[1/3] AArch64: Improve codegen for SVE erfcf

Message ID 20250108093910.4709-2-yatlong.poon@arm.com (mailing list archive)
State New
Headers
Series AArch64: Improve codegen for SVE pow, powf and erfcf |

Checks

Context Check Description
redhat-pt-bot/TryBot-apply_patch success Patch applied to master at the time it was sent
linaro-tcwg-bot/tcwg_glibc_build--master-aarch64 success Build passed
linaro-tcwg-bot/tcwg_glibc_build--master-arm success Build passed
linaro-tcwg-bot/tcwg_glibc_check--master-aarch64 success Test passed
linaro-tcwg-bot/tcwg_glibc_check--master-arm success Test passed

Commit Message

Yat Long Poon Jan. 8, 2025, 9:39 a.m.
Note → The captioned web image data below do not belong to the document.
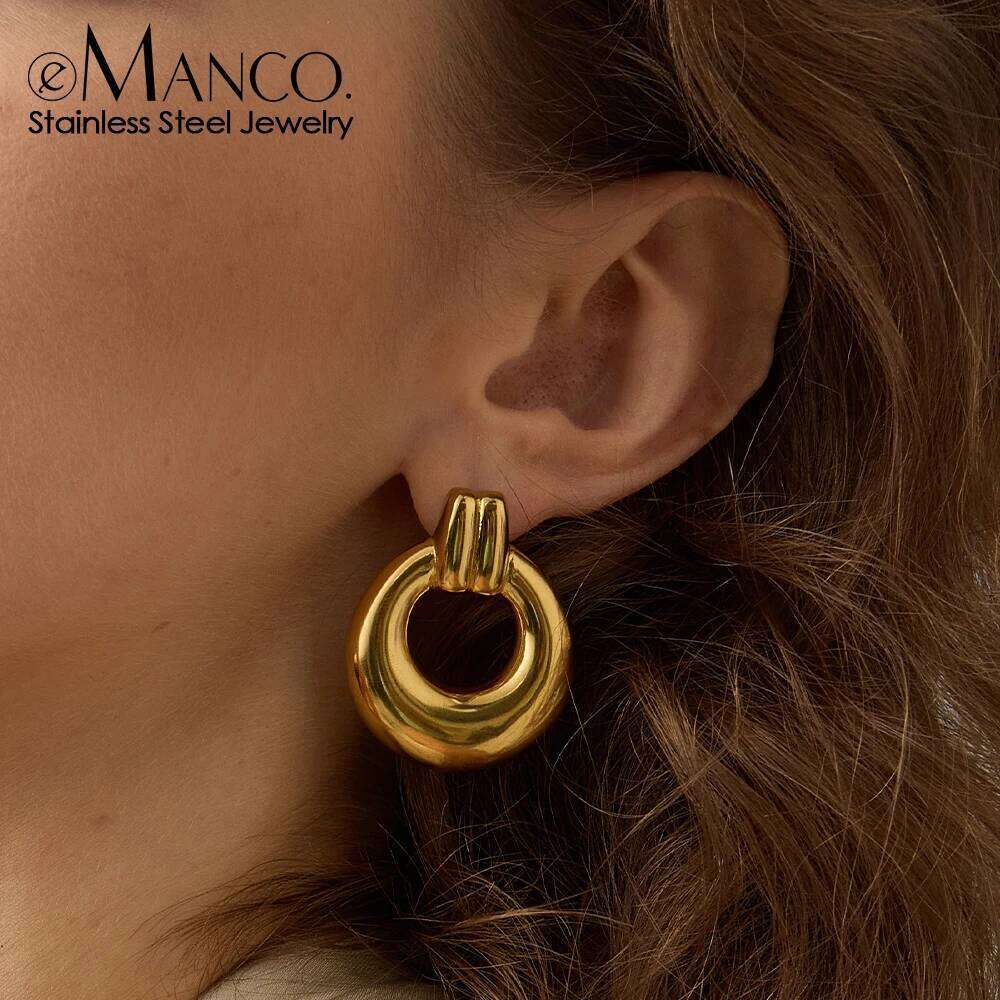 eManco Y2K Style Stainless Steel Chunky Loop Earrings for Daily Commute Dating Social Festival Themed Casual Fashion Jewelry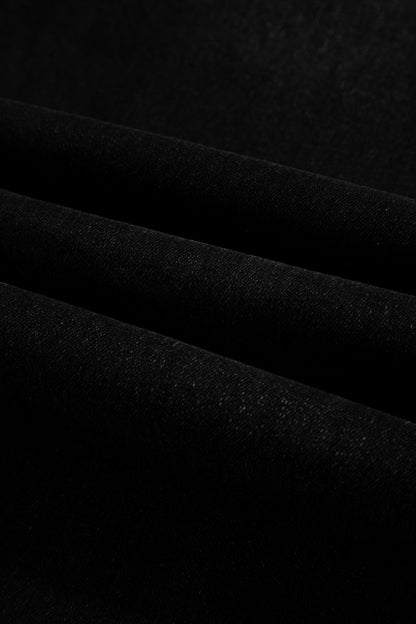 Black Frayed Cropped Barrel Jeans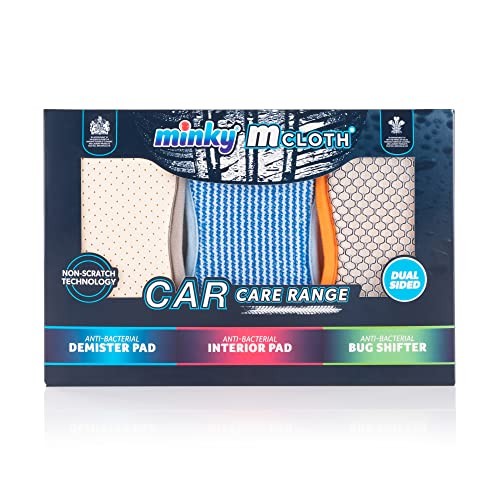 Minky 3 Pack M Cloth Car Cleaning Kit, Microfibre Valet Set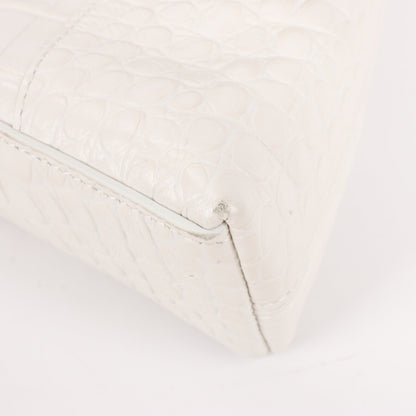 Balenciaga Hourglass Mock Croc Shoulder bag in White 671355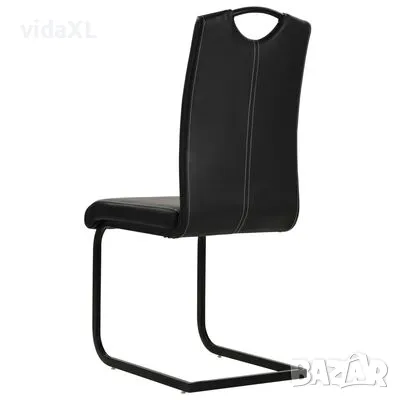 vidaXL Конзолни трапезни столове, 2 бр, черни, изкуствена кожа（SKU:246193）, снимка 4 - Столове - 48153774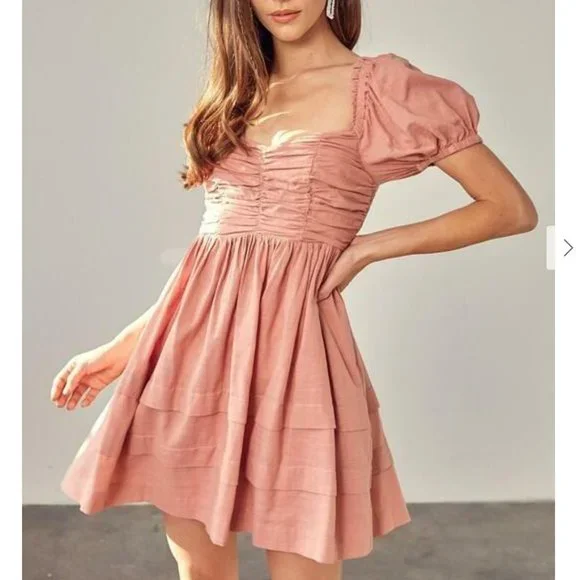 NWT Mustard Seed 'Latte' ruched pleated tiered 3/4 sleeve dress size S - Picture 3 of 8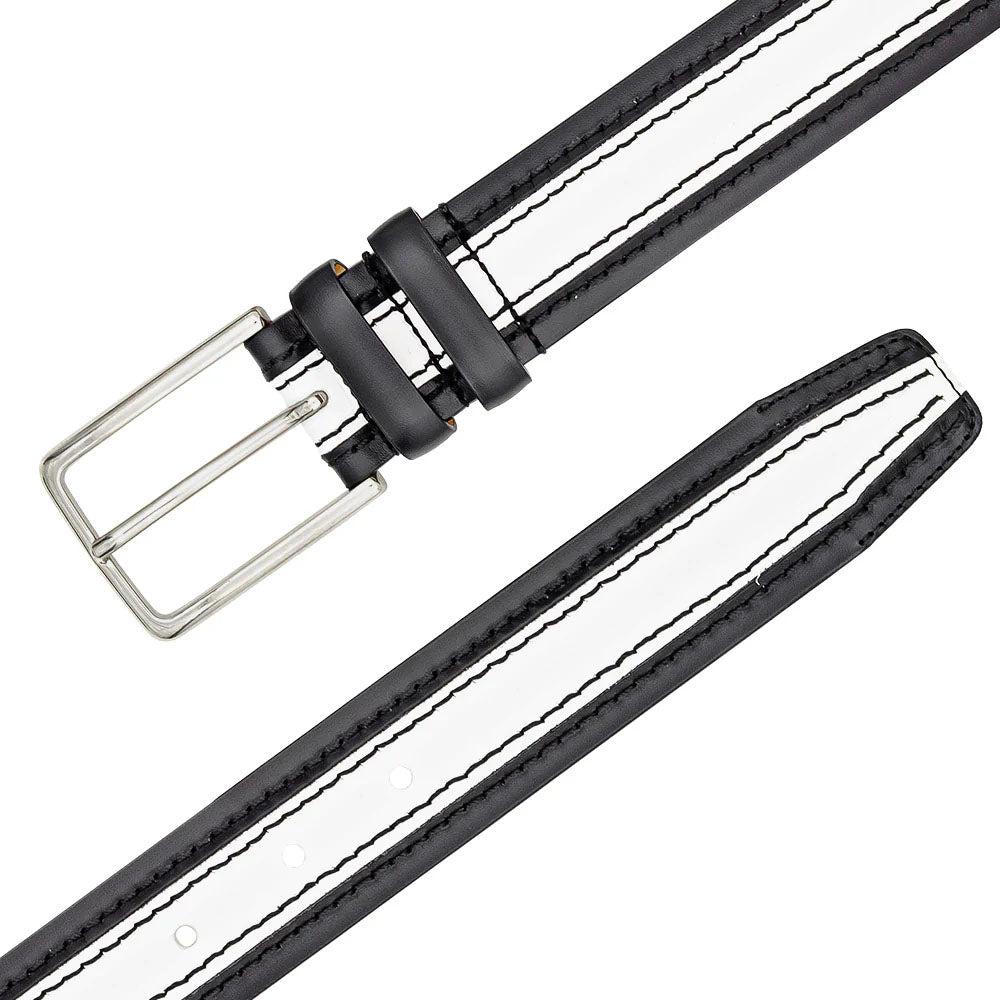 Mezlan Two-Tone Leather Belt Black / White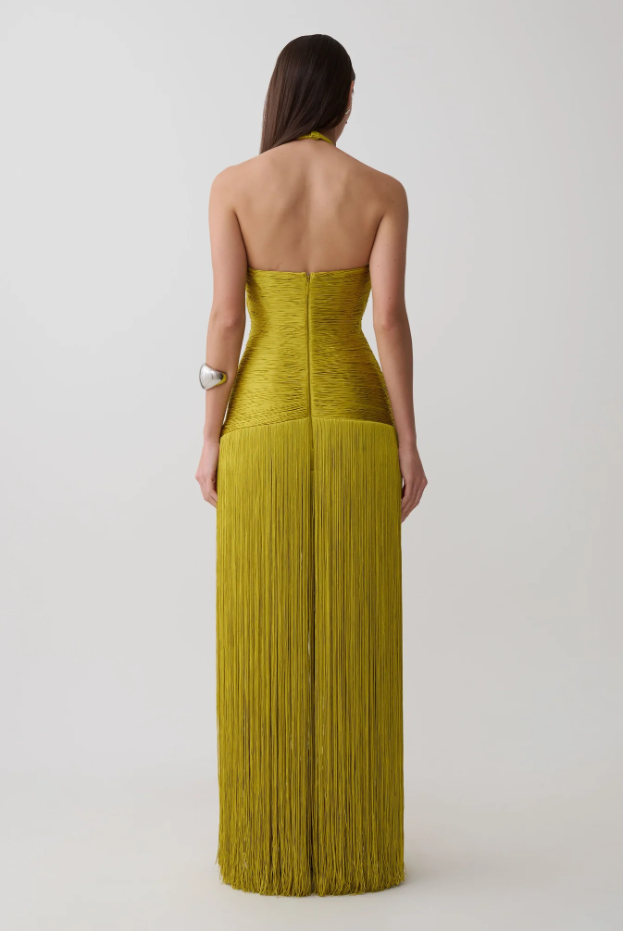 Meshki Tiffany Maxi Dress Yellow Chartreuse Size 10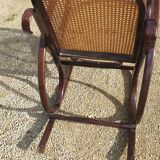 Rocking chair wood and canage seventies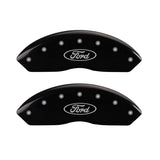 MGP Front set 2 Caliper Covers Engraved Front Oval logo/Ford Black finish silver ch - 10155FFRDBK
UTC
  Reduce number of MOV/MOVPRFXs and use unpredicated FMUL.
Replace MUL with LSL.
Speedup on Neoverse V1: 6%.
---
 sysdeps/aarch64/fpu/erfcf_sve.c | 12 ++++++------
 1 file changed, 6 insertions(+), 6 deletions(-)
  

Patch

diff --git a/sysdeps/aarch64/fpu/erfcf_sve.c b/sysdeps/aarch64/fpu/erfcf_sve.c
index 2743f9dbb5..b57ab514b7 100644
--- a/sysdeps/aarch64/fpu/erfcf_sve.c
+++ b/sysdeps/aarch64/fpu/erfcf_sve.c
@@ -76,7 +76,7 @@  svfloat32_t SV_NAME_F1 (erfc) (svfloat32_t x, const svbool_t pg)
   svuint32_t i = svqadd (svreinterpret_u32 (z), dat->off_idx);
 
   /* Lookup erfc(r) and 2/sqrt(pi)*exp(-r^2) in tables.  */
-  i = svmul_x (pg, i, 2);
+  i = svlsl_x (svptrue_b32 (), i, 1);
   const float32_t *p = &__v_erfcf_data.tab[0].erfc - 2 * dat->off_arr;
   svfloat32_t erfcr = svld1_gather_index (pg, p, i);
   svfloat32_t scale = svld1_gather_index (pg, p + 1, i);
@@ -84,15 +84,15 @@  svfloat32_t SV_NAME_F1 (erfc) (svfloat32_t x, const svbool_t pg)
   /* erfc(x) ~ erfc(r) - scale * d * poly(r, d).  */
   svfloat32_t r = svsub_x (pg, z, shift);
   svfloat32_t d = svsub_x (pg, a, r);
-  svfloat32_t d2 = svmul_x (pg, d, d);
-  svfloat32_t r2 = svmul_x (pg, r, r);
+  svfloat32_t d2 = svmul_x (svptrue_b32 (), d, d);
+  svfloat32_t r2 = svmul_x (svptrue_b32 (), r, r);
 
   svfloat32_t coeffs = svld1rq (svptrue_b32 (), &dat->third);
-  svfloat32_t third = svdup_lane (coeffs, 0);
 
   svfloat32_t p1 = r;
-  svfloat32_t p2 = svmls_lane (third, r2, coeffs, 1);
-  svfloat32_t p3 = svmul_x (pg, r, svmla_lane (sv_f32 (-0.5), r2, coeffs, 0));
+  svfloat32_t p2 = svmls_lane (sv_f32 (dat->third), r2, coeffs, 1);
+  svfloat32_t p3
+      = svmul_x (svptrue_b32 (), r, svmla_lane (sv_f32 (-0.5), r2, coeffs, 0));
   svfloat32_t p4 = svmla_lane (sv_f32 (dat->two_over_five), r2, coeffs, 2);
   p4 = svmls_x (pg, sv_f32 (dat->tenth), r2, p4);